Hi,
I am trying to get top 50 404s by uri and the corresponding referers by their count. For example, if uri1 is the top most uri with 5k 404s and the top referer for that uri1 (which results in 404s) could be referer1 with count of 1000.
I have used this search and it gives me count for uri and referers but i am not getting top 50 count. I am getting less than 50. what is wrong in this query? any suggestions please.
sourcetype=access_combined_wcookie status=404 | top 50 uri | eval CNT=count | eval %=percent | join uri [search sourcetype=access_combined_wcookie status=404 | top 50 uri referer | eval referer_count=count | eval referer_percent=percent ] | table CNT,%,uri,referer, count | sort - CNT
That did not work either...it is giving count as 1 for each of them..
Try the updated search.
Give this a try
Updated Search
index=_internal sourcetype=*web_access (status=4* OR status=5*) | stats count as ur_count by status, uri ,referer | eventstats sum(ur_count) as count by status, uri | sort 0 - status, count | dedup status, uri | sort - status uri count | streamstats count as rank by status, uri | where rank < 51 | sort status -count| fields - rank ur_count | table count status uri referer
That is what i was expecting but surprisingly the counts are very less. i can send a screenshot of it if you would like to.

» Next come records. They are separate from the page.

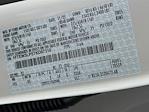New 2026 Ford F-150 XLT SuperCrew Cab for sale #5D07316 - photo 31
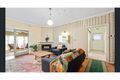 Property photo of 28 Thistle Avenue Klemzig SA 5087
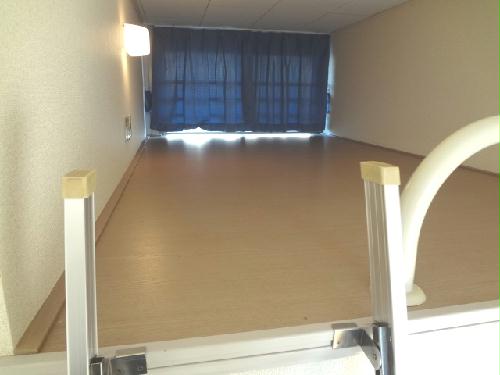 10/22 その他画像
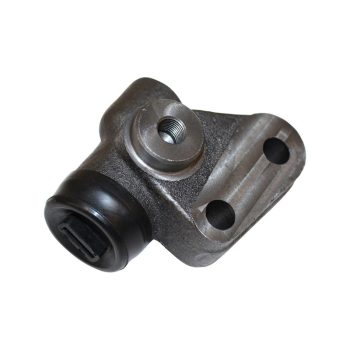    Brake master cylinder, front, right, TRW/VARGA, T2 07/63-07/70, (25.4mm)
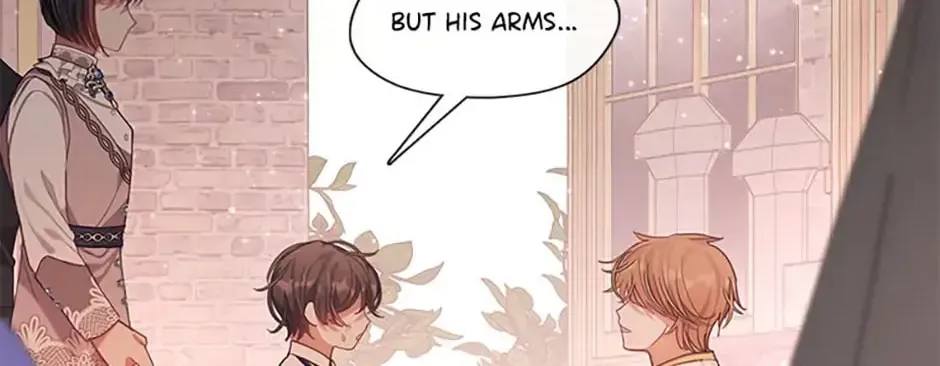 Read Devoted to Diamond chapter 39 image 63 on Lezhin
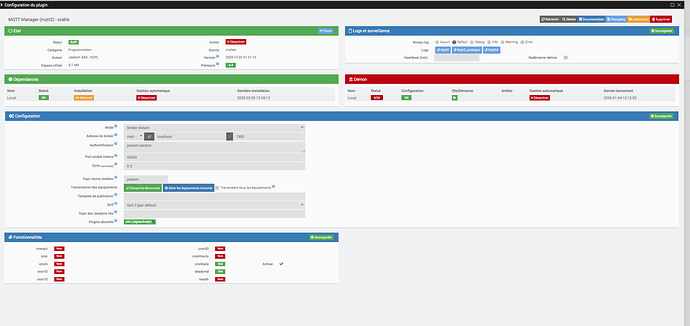 Capture d’écran 2026-01-04 à 12.19.03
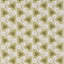 Custis Orchard Wallpaper-352814069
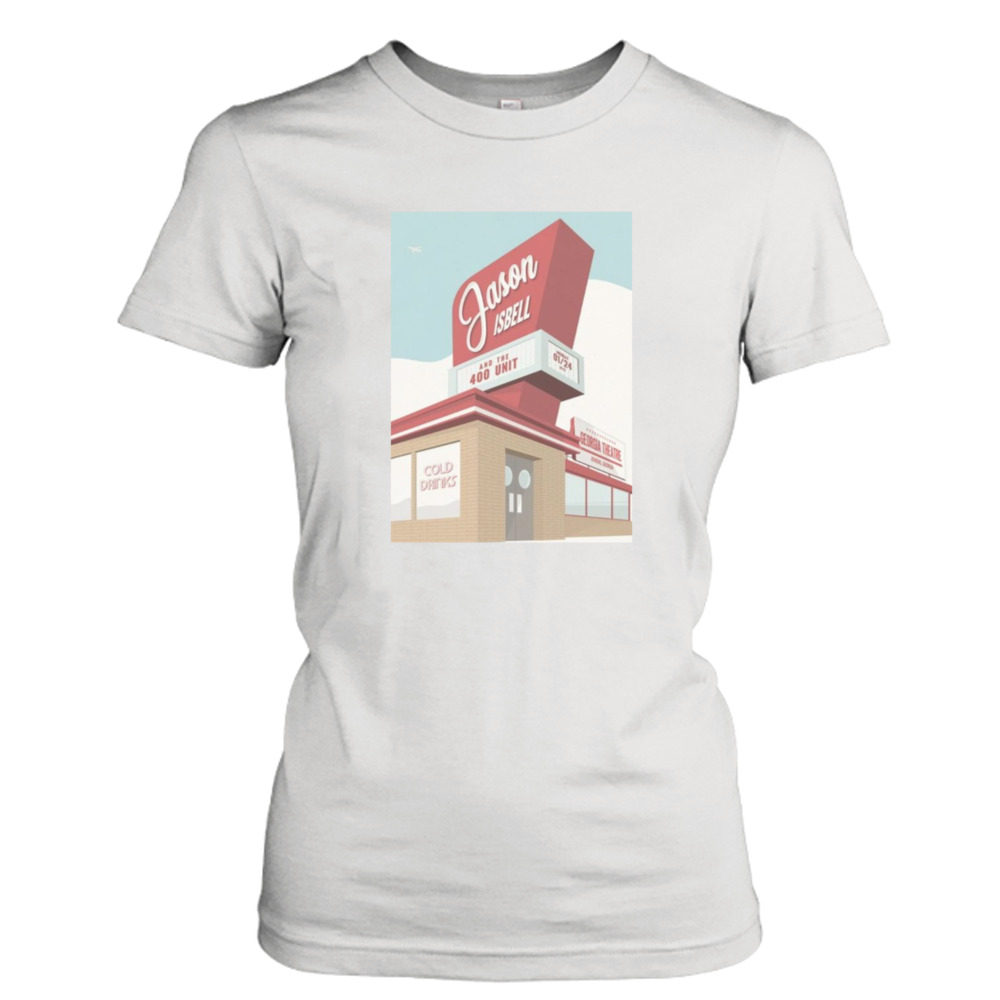 Classic Women’s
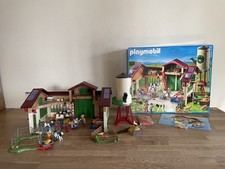 Playmobil country 5119 neuer - playmobil,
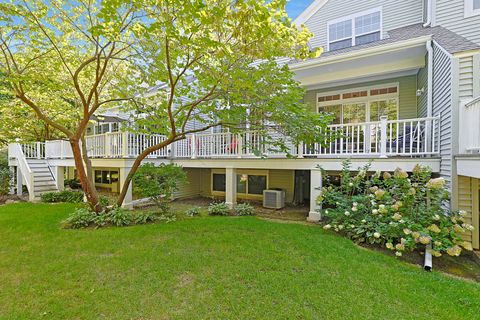 Tiny photo for 1053 Hummingbird Way, Bartlett, IL 60103 (MLS # 12470781)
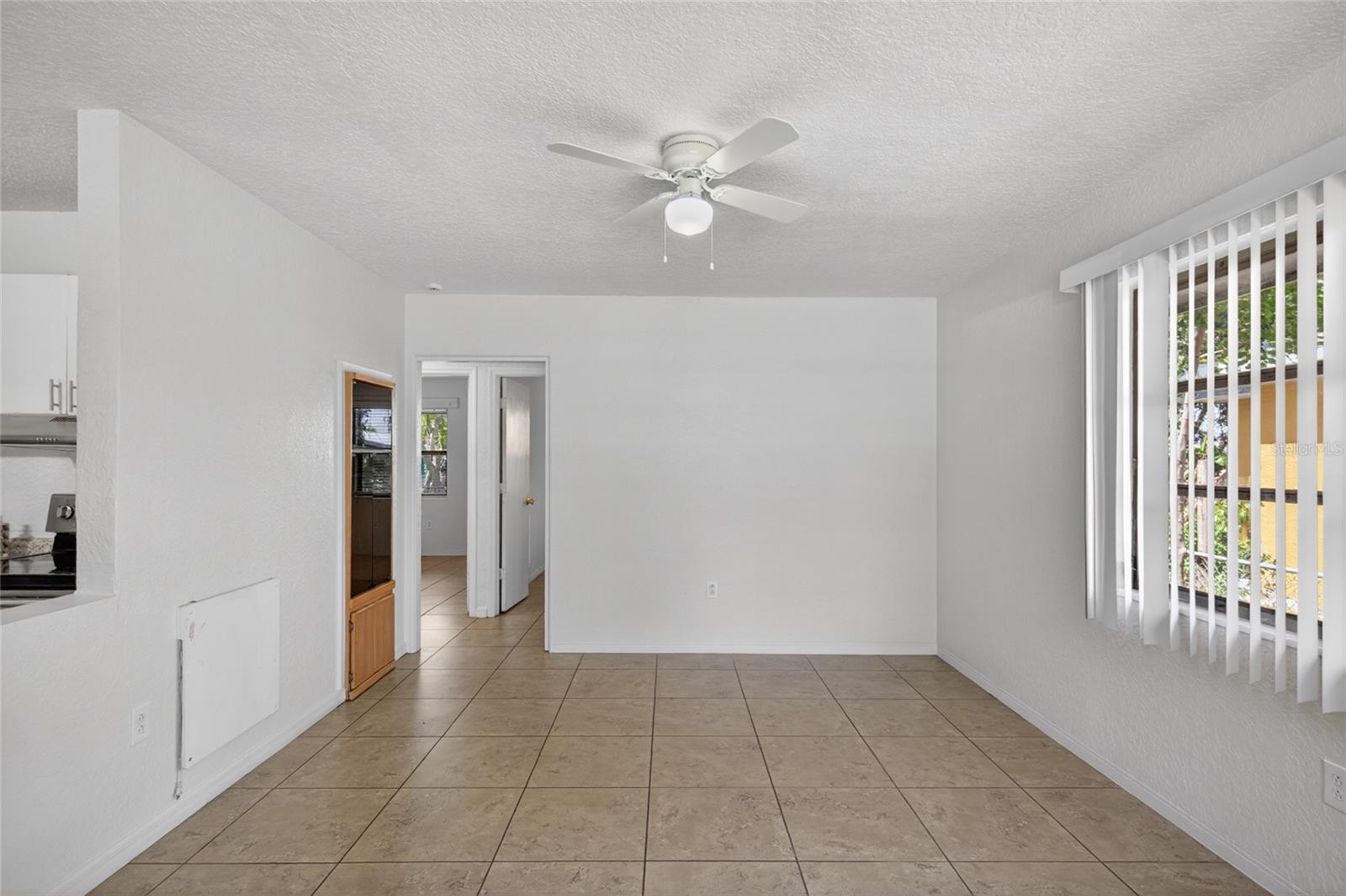 612 12TH STREET DR W, PALMETTO, FL, 34221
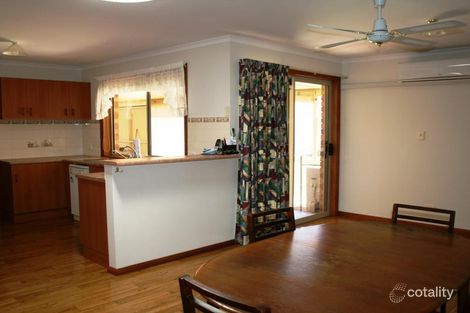 Property photo of 3 Sanders Street Ardrossan SA 5571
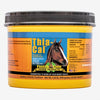 Finish Line Thia-Cal™ Liquid B1 Supplement (32 oz)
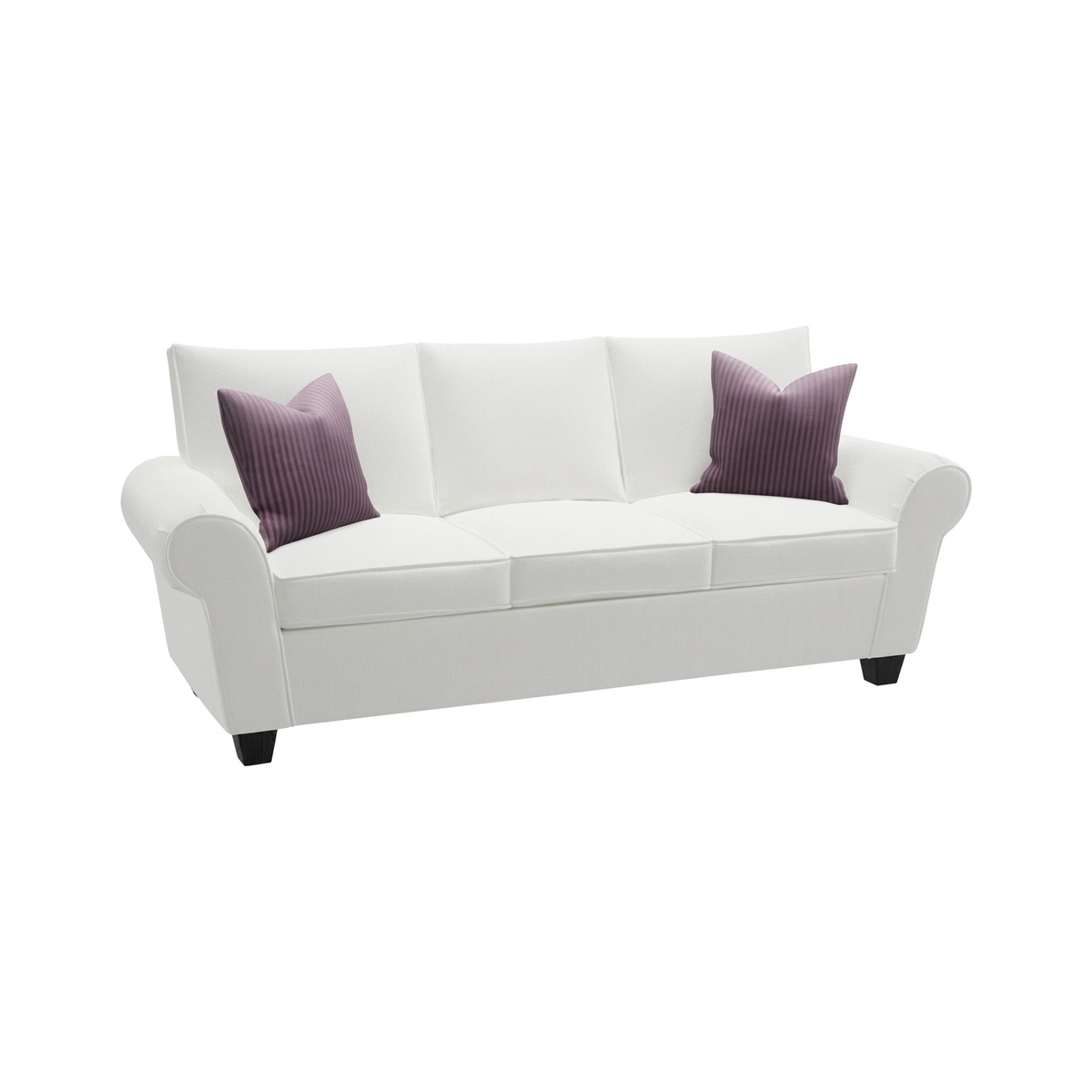 April sofa
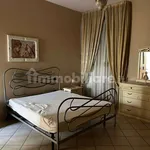 3-room flat via Manzoni, Marcianise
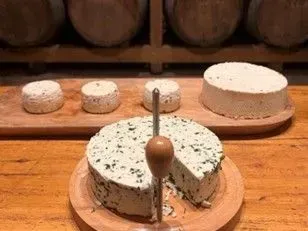 SZÜRETI KIRUCCANÁS - GYÖRKÖNY ÉS OZORA 5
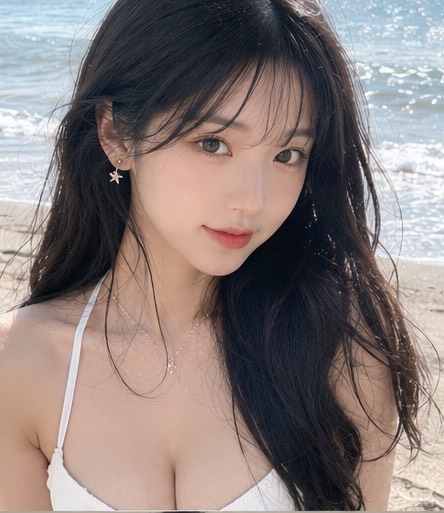 블리방송 안오면 너만 손해야❤️
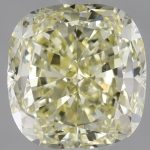 Diamond 1.69 CT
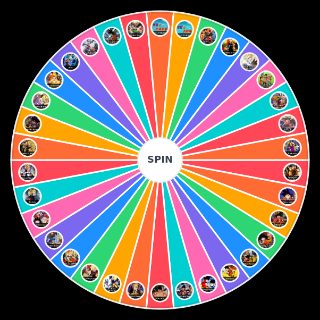 All Dragon Ball Movies, Specials & OVAs Random Generator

The second query is computing the top 50 uri-referer combinations. It's not giving you the top referer for the top 50 uris.
Try something like this:
sourcetype=access_combined_wcookie status=404 | stats count as ur_count by uri referer | eventstats sum(ur_count) as count by uri | sort 0 - ur_count | dedup uri | sort 0 - count | head 50
You'll get the count per uri in count
and the count for that top referer in ur_count
.
The pipeline from the first stats
onwards doesn't know or care about the status
field. As a result, searching for status=4* OR status=5*
will lead to the top 50 uri
values over all matching status
codes. As a consequence, the top uri
should have a higher count with the more broad status
filter than with status=404
.
Hi. Thanks for the reply. This is much simpler version. One question - In the status, instead of status=404 i am have (status=4* OR status=5*). So when it uses head 50, does it use first 50 by their count? I am getting very less number of results when i am doing this way. But when i just use status=404, looks like it gives me correct numbers.